Build Large Flask Apps in the Real World

Scaling a Flask application is no immediately obvious matter. At plug.dj we had ~22,000 line Flask application. At my previous employer our Flask application was significantly larger. Ultimately scaling a code-base is less about the framework used and more about the software design experience of the developers working on it. Scaling in terms concurrent users also has little to do with the web framework and more to do with your understanding of load-balancing, caching, databases, etc. That being said, what have I learned about how to organize a Flask application to comfortably grow?

Firstly, fbone and flask-bones are great first approximations. If you’re struggling to figure out how to structure your flask application have a look at those and consider using either one as a template that you can evolve to your needs. Also, I have to mention cookiecutter as a tool for templating the structure of python applications in general. In terms of the web application itself you might also consider using Flask-Classy to build out your views.
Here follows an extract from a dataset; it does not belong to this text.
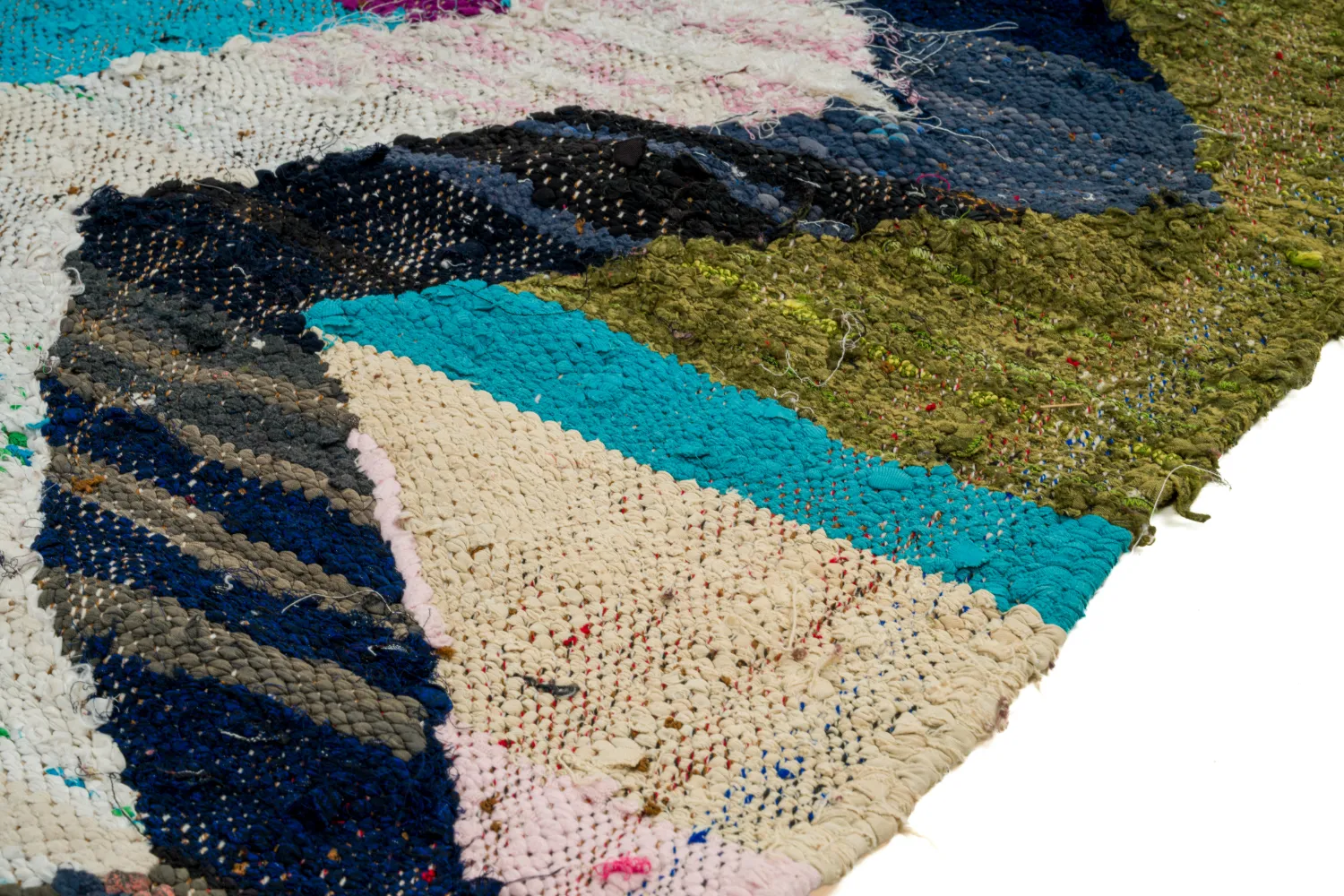 Berberyjskie Dywany Boucherouite Z Maroka 135 x 230 cm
Beyond that I hestitate to dictate anything else. There’s never a one-size-fits-all solutions for complex real-world problems like this. There will never be a substitute for thinking up-front, and deeply at that, about the organization of your application. The first few organizational decisions will have ripple effects throughout the lifetime of the code base. Bad decisions can trap you into a corner. Good decisions can make previously difficult problems much easier. So instead here are a few heuristics that I’ve used to kickstart this process:

Think about deployment. How is it getting to the server? egg, wheel, rpm? Will there be continuous integration? Are you using salt or puppet? How you deploy your application will determine what kind of structure you need and what kind of supporting utilites you may or may not have to write.
Think about app initialization. Where is the entry point? How are components initialized and shared? If my user module needs a database connection how do I ensure that it always gets an initialized database connection? Do I use singletons? lazy loading? dependency injection? It depends, and you should always be willing to revisit this decision. Also think about how you’d do a deploy to a completely uninitailized environment. How do you initialize the database(s)? Is the app configured by environment variables or cfg files? How are those being shared and deployed?
Think about resource lifetimes. Make sure you understand how your database connections and other resources should be managed within a Flask application. Typically you should initialize a resource when a request comes in and tear it down before the response goes out. SQLAlchemy explicitly covers integration with web frameworks in its documentation.
Organize by principle of least suprise. Ask yourself, “How would I organize this so that someone using Notepad with a good grasp on the programming language would be able to find and edit any arbitrary component?” This is ultimately how your codebase will seem to every new person who encounters it. For example, if you are asked to modify the function that geocodes a location and you have no experience with a code base it’s reasonable that you’d look in app.geolocation.utils as a first approximation. You’d be suprised if instead it were somewhere like app.auth.models. The first example follows the principle of least surprise. Reduce the mental strain on yourself and others by sensibly organizing components into well named modules.
Think about testing. A focus on testing can help you avoid sticky designs because they simply become untestable. Organize your tests along the same lines as your modules so that the corresponding tests for any chunk of code can easily be found.
Think about logging. Bugs are going to happen and you’re going to need to gather the information to solve them. Come up with a logging strategy that covers your whole application and stick to it. You should be able to log data from anywhere in any module and the logs should indicate exactly where the data came from. In Python the best way to do this is to initialize a logger at the top of each .py file, that way you always have access to a logger from every module.
Think about infrastructure changes. One of the best design heuristics you can use is to imagine how you would build your application so that arbitrary third-party dependencies (databases, web frameworks, etc.) could be swapped out with minimal impact. As your application grows your infrastructure will change. You should be able to switch databases, web frameworks, or deploy code to mobile devices with minimal code changes. A good place to start in figuring out how to do this is the Architecture The Lost Years talk by Bob Martin.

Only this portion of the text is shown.